Wednesday, April 20, 2011

I Know My Limits, Now I Must Respect Them

I've been pretty sick this week with bronchitis and a sinus infection. It appears that I got it from my grandson who fared with it better than I. Somehow I came into contact with these germs (is that word archaic?) and it resulted in a full-blown sickness. I felt bad all over.

I wonder if it is the same with spiritual things...... We might touch something unclean or dirty and before you know it, we're bound up in sickness. If we sin, are we exposing ourselves to spiritual "germs"? (I'll just tell this one tiny little white lie; I'll just take this one little thing that does not belong to me; etc.) Does my spiritual health have anything to do with my exposures to evil?
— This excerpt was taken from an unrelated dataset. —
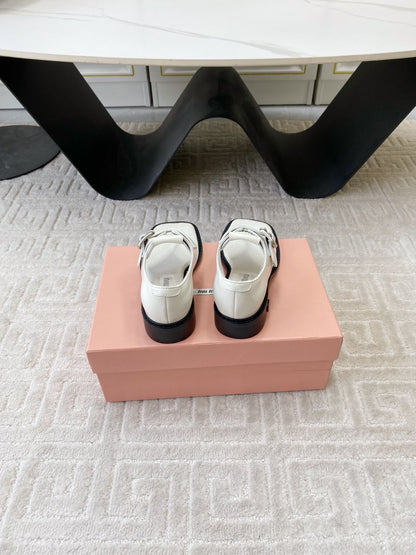 THONG SANDALS IN WHITE LAMBSKIN WITH SILVER BUCKLE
If so, it is imperative that I set boundaries and stay within the safety of those boundaries. This is for my own good (does the alcoholic go into a bar or does he steer clear of temptation by refusing to step within it?). But if I do step beyond my spiritual safety zone and go where I have no business going - ( we could compare it to taking a walk through a hospital ward of sick and dying people who have been quarantined, and I wind up ill), then the Lord promises we can confess and repent and He will forgive us and cleanse us. He is like the antibiotic that floods our entire body and makes us well.
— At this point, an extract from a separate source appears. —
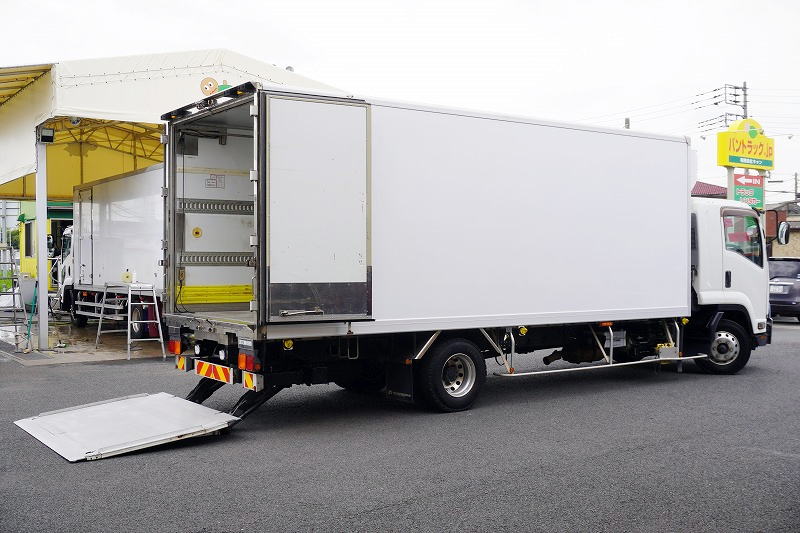 フォワード　４トン　「標準幅　ベッド付き」　冷蔵冷凍車　「矢野特殊」　積載２９５０ｋｇ　パワーゲート　６ｍ長　－３２度設定　荷台シマ板張り　ラッシング２段　バックカメラ　アルミホイール　ＡＴ車！フロント画像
These are just my thoughts this morning..................

It's interesting how life with Parkinson's Disease has openned up a whole new way of thinking about things............

Heavenly Father, give me the wisdom today to choose the right path. Protect me from the decietfulness of sin. Give me a healthy appetite for the things that are good, and make me a blessing and an example of grace before all who cross my path today. Thank you for this new day and another opportunity to love you through my actions.